The Button Bush

When the blue arch of September deserved to be called heavens, its high streaks
and bulging billows auguring storms in the heat; I climbed down to the strip of land

between the levee and the river, where maples lift silver to the wind, and willows
often bend to trail their branches in the sun by the water, and homeless people

have built a roof of driftwood over them for shelter, down in the thicket,
hiding their plastic chairs and tarps in the willow forks, and some homeowner

from above the levee keeps a dinghy padlocked to a trunk, jammed in sand,
I take the path as far as I can go easily, past the hardware cloth that guards

a damaged cottonwood from beavers’ teeth, by all the absent ones who’ve been here
before and done things to the place, this bit of land belonging to no one

but the river, and to the heron I watched last summer.
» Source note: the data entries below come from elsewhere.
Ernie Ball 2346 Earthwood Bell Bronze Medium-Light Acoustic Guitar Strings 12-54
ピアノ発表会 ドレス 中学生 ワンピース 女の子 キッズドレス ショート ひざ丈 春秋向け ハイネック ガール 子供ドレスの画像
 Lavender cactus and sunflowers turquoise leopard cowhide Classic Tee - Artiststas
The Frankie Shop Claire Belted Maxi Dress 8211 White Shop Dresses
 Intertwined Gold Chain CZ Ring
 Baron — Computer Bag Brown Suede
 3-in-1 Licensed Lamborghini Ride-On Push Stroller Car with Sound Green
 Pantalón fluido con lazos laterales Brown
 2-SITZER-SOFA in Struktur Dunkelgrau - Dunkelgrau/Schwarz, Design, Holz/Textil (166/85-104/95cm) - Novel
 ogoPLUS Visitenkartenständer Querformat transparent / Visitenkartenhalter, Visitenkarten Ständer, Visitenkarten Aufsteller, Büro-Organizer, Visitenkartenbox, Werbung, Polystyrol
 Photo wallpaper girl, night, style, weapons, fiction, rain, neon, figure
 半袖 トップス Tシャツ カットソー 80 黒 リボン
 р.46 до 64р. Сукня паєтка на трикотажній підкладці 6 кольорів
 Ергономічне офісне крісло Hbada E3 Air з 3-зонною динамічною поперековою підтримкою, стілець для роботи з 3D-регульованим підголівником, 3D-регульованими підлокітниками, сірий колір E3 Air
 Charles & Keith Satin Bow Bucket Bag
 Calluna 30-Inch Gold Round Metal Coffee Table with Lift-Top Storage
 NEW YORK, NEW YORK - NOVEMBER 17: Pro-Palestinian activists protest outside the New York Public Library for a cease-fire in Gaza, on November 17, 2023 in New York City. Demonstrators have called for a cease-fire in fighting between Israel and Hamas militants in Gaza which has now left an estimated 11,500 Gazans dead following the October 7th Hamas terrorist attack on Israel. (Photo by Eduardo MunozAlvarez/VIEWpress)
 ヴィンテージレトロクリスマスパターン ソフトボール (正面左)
Now my old frame
goes beyond easy ways, to kneel under or climb over triangles of prostrate logs

lodged by currents, finally to reach the narrow beach beside the riprap,
and turn aside to a bush I never saw before—the button bush, its twigs

like ash and its gray stems, its leaves the texture of ash leaflets, but singly arranged
opposite along the twigs. Looking up pictures, I see how the spheres

of their blooms enticed the bees. But now those stars have collapsed,
contracted to packed planets of seed clusters, hard little sycamore-balls,

as the world contracts disaster by disaster toward its joy.